SUPPLIED RECORDS:

=-=-=

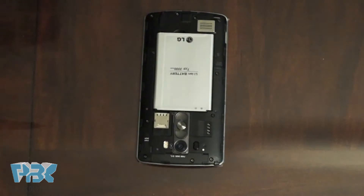First remove the battery door. Then you will take out the battery.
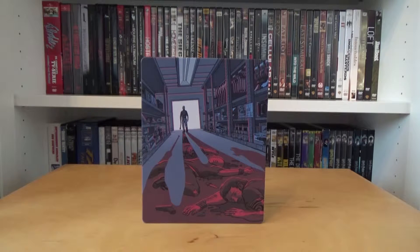What's up guys, welcome to a new video. Today I have the Project Pop Art steelbook from the movie The Equalizer with Denzel Washington.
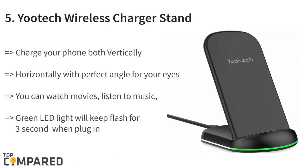Starting from the last in the list, the fifth product is the Utec wireless charger Qi certified charging stand. The product can help you charge your phone vertically or horizontally with a perfect angle for your eyes. The charger comes in 7.5 watts, 10 watts, and 5 watts wireless modes. The intelligent temperature protection is a particular feature to protect your phone from overcharging or overheating.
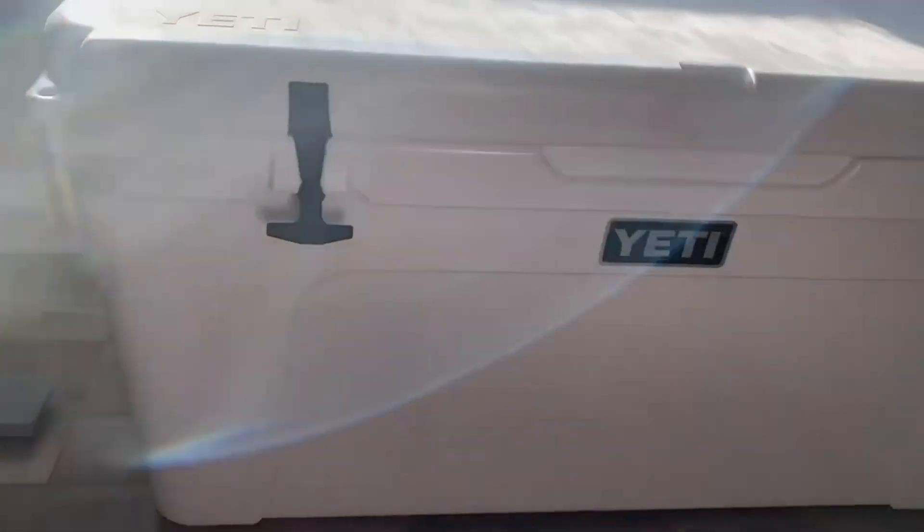Hey, what's up everybody? This is the Yeti Cooler, the big boy Yeti Cooler. I got it in the white version, but you can get it in a lot of other different colors.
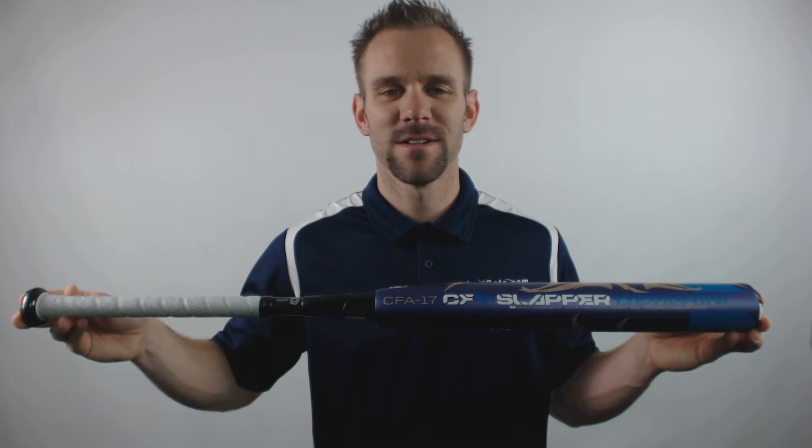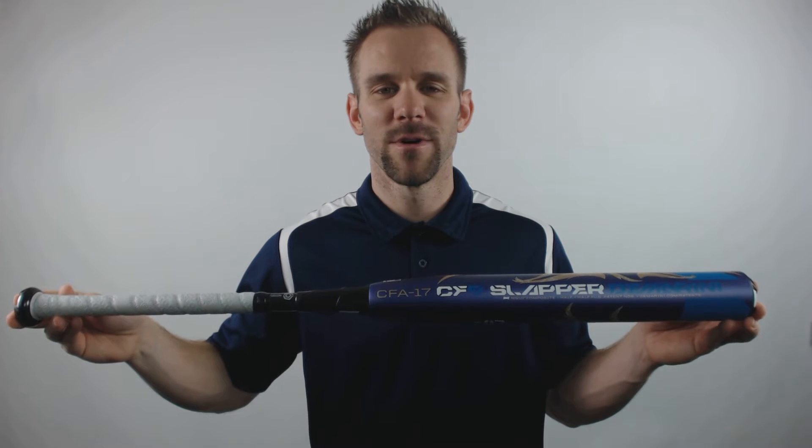Hey everyone, this is Cameron from JustBats.com, bringing you today the 2017 DeMarini CF9 Slapper Fast Pitch Softball Bat. This model will be a drop 10 length to weight ratio, and will be a two-piece fully composite design with a balanced swing weight.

=-=-=

The records above are to be restated exactly, with all pictures omitted.

SOLUTION FOR THIS EXERCISE:
First remove the battery door. Then you will take out the battery.
What's up guys, welcome to a new video. Today I have the Project Pop Art steelbook from the movie The Equalizer with Denzel Washington.
Starting from the last in the list, the fifth product is the Utec wireless charger Qi certified charging stand. The product can help you charge your phone vertically or horizontally with a perfect angle for your eyes. The charger comes in 7.5 watts, 10 watts, and 5 watts wireless modes. The intelligent temperature protection is a particular feature to protect your phone from overcharging or overheating.
Hey, what's up everybody? This is the Yeti Cooler, the big boy Yeti Cooler. I got it in the white version, but you can get it in a lot of other different colors.
Hey everyone, this is Cameron from JustBats.com, bringing you today the 2017 DeMarini CF9 Slapper Fast Pitch Softball Bat. This model will be a drop 10 length to weight ratio, and will be a two-piece fully composite design with a balanced swing weight.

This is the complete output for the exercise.